Ollier Disease

(A) Hands bilaterally showing multiple swellings and (B) shortness of right lower limb

A 10-year-old kid presenting with a limp and bony swelling gets diagnosed with a tumour!

A 10-year-old Syrian boy was brought to a pediatric hospital with complaints of multiple painless irregular nodular swelling of proximal phalanges bones which caused him to limp.

From the age of 5 years, the boy had been suffering from multiple recurrent fractures of long bones, followed by abnormal healing.

On examination, the boy appeared conscious, oriented and his intelligence was age-appropriate. His vital signs were normal. Skeletal distortions were noticed in the proximal and distal phalanx of hands with a slight functional limitation along with enlargement of the distal ends of the right forearm and right leg.

Shortness of right lower limb was appreciated which was the cause behind his crippling

His parents and family history was unremarkable, and so was his parents’ examination.

A plain radiograph showed multiple bone lesions in extremities. Radiography of the skull and chest were normal.

(A) Multiple well-defined, radiolucent, lytic lesions are seen in metacarpal and phalanges,
(B) & (C) Distal end of the right leg and right femur,
(D) Proximal end of the right femur.

A diagnosis of Ollier disease was made.

A biopsy was performed, which ruled out malignancy.

Histopathological evaluation of the bony lesions/ enchondromas showed hyaline cartilage, osseous tissue and trabeculae (A) and chondrocytes with cytological atypia (B)

Ollier disease or enchondromatosis is a non-familial disease characterised by multiple enchondromas.
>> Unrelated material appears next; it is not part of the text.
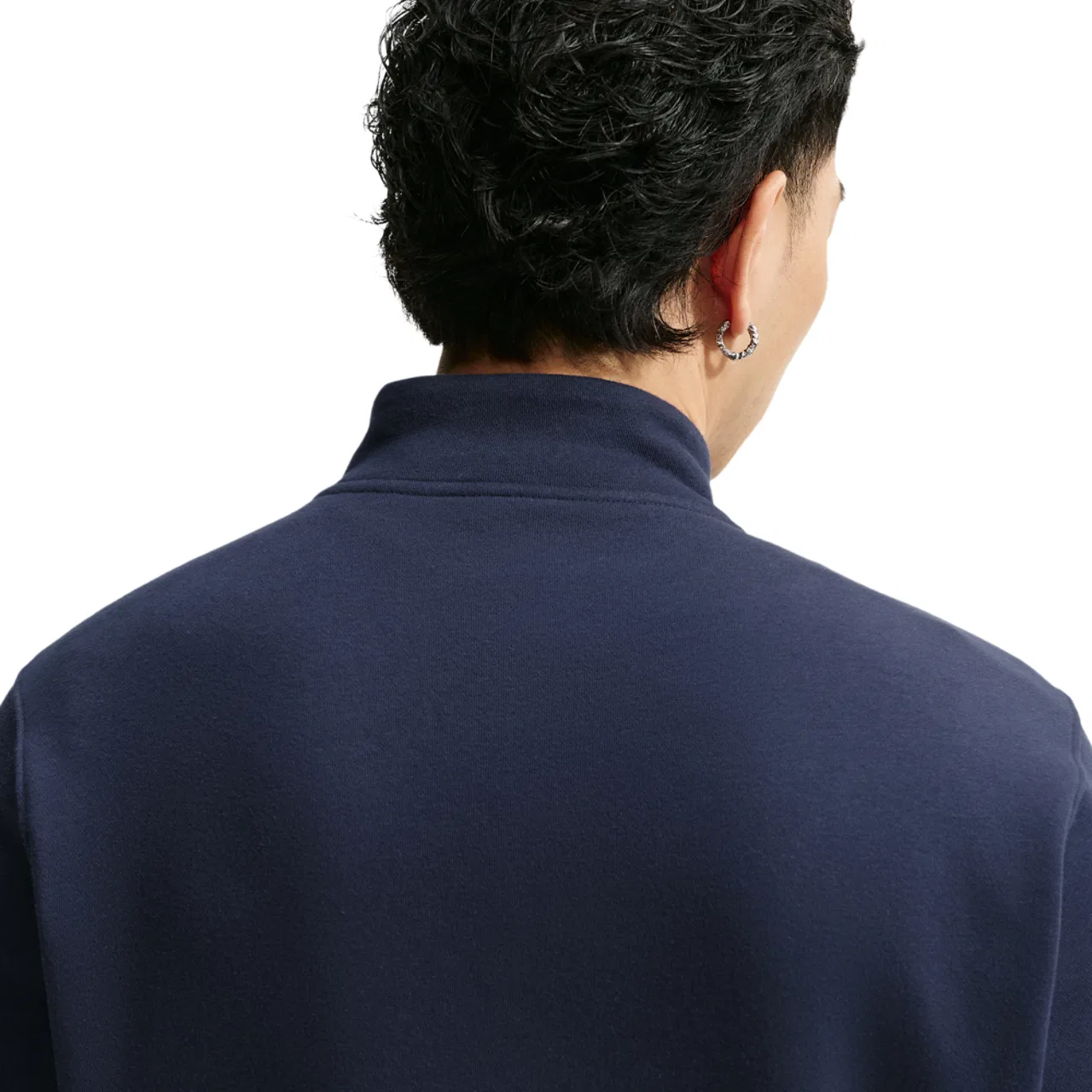 Худи мужское с полузастежкой Club Fleece Nike, цвет Obsidian/Obsidian/White — фото 2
Enchondromas are neoplasms of the hyaline cartilage, a type of benign tumour of the bone.

Pathologic fractures, painless bony masses, and limping due to asymmetric lesions of the bone are a common presentation of this disease. Clinical manifestations and imaging studies aid in the diagnosis, especially the plain radiographs are highly important. Histopathologic evaluation is also necessary to differentiate between benign enchondromas and malignant chondrosarcomas.

Patients with Ollier disease usually receive conservative management. Surgical management may be required to correct the leg-length discrepancy, malignant transformation of the tumour, or for managing pathological fractures. Life-long follow-up is necessary to keep an eye on malignant transformation of the tumour as there is always a small risk of transformation.